- Film poster
- Directed by: Almantas Grikevičius
- Written by: Vytautas Zalakevicius
- Starring: Regimantas Adomaitis Donatas Banionis Juozas Budraitis
- Release date: 1981;
- Running time: 91 minutes
- Country: Soviet Union
- Languages: Russian, Lithuanian

= Faktas =

1981 film

Faktas (English: "Fact", Группа крови „Ноль“, "Blood Group Zero") is a 1981 Soviet Lithuanian-language war film directed by Almantas Grikevičius.

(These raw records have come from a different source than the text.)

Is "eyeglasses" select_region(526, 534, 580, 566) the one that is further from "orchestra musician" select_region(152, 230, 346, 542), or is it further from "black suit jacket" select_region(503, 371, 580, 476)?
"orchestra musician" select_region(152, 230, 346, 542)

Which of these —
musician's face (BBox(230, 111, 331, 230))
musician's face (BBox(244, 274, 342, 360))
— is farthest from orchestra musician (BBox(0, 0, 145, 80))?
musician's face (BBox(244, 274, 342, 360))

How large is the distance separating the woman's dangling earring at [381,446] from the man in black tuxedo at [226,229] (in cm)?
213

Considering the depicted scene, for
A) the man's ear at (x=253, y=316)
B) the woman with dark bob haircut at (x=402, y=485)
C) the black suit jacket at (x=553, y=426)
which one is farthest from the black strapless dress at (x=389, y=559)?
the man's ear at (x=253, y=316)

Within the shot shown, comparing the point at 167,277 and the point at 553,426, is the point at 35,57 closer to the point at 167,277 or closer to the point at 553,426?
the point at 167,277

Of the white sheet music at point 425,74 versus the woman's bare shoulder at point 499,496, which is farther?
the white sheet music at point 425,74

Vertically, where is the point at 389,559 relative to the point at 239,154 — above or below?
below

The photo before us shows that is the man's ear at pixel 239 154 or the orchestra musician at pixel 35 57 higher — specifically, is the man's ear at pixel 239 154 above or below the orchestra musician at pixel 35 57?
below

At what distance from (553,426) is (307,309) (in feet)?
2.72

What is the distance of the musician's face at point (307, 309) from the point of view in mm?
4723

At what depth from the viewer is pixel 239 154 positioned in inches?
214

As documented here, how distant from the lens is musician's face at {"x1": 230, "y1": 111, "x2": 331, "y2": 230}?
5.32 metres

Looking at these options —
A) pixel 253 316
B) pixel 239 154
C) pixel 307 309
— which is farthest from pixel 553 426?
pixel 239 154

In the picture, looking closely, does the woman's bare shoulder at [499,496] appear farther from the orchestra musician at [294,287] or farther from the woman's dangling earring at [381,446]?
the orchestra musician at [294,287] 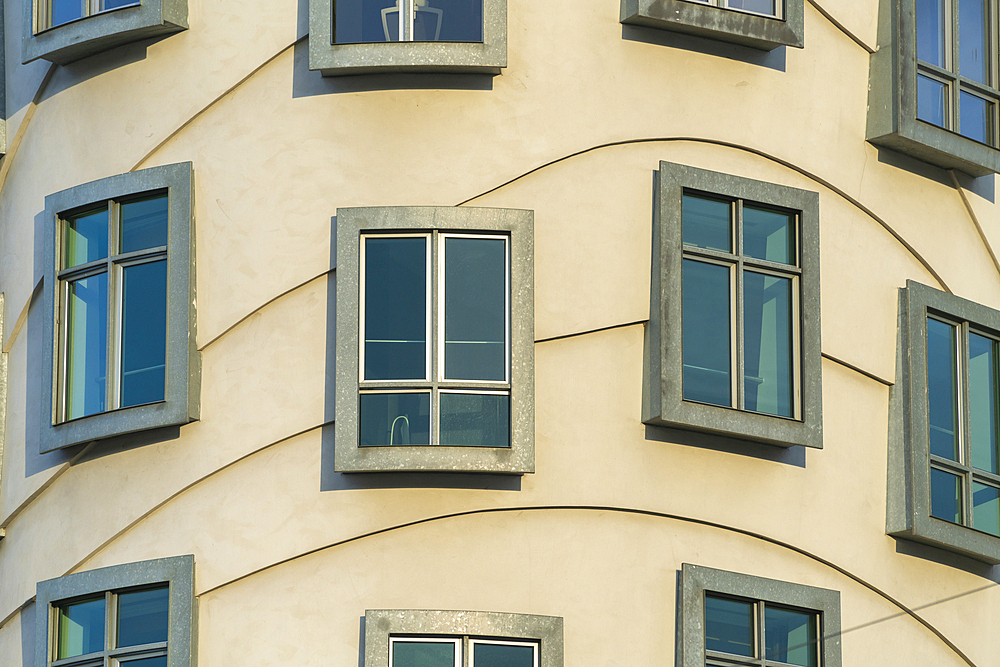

The film is a recreation based on documents of an actual historical fact from World War II, the Pirčiupiai massacre: on June 3, 1944, German soldiers burned the village of Pirčiupiai with all 119 of its inhabitants.

==Cast==
- Regimantas Adomaitis as Jonas Buckus
- Vaiva Mainelytė, Kazia, Jonas's wife
- Donatas Banionis, Colonel Titelis
- Juozas Budraitis
- Uldis Dumpis, Šmidermanas
- Aleksandr Kaidanovsky
- Irena Leonavičiūtė, Teklė, daughter of Peciukonis
- Arnis Līcītis
- Algimantas Masiulis, Peciukonis
- Laimonas Noreika "Džanas-amerikonas" ("John the American")
- Yelena Solovey
- Leonid Obolensky, shepherd Aleksandras
- Eugenija Pleskyte
- Kostas Smoriginas, investigator's voice

==Awards==
- Main Prize at the 14th All-Union Film Festival (1981).
- The film was entered into the 1981 Cannes Film Festival under the title Gruppa krovi nol, where Yelena Solovey won the award for Best Supporting Actress in Feature Films.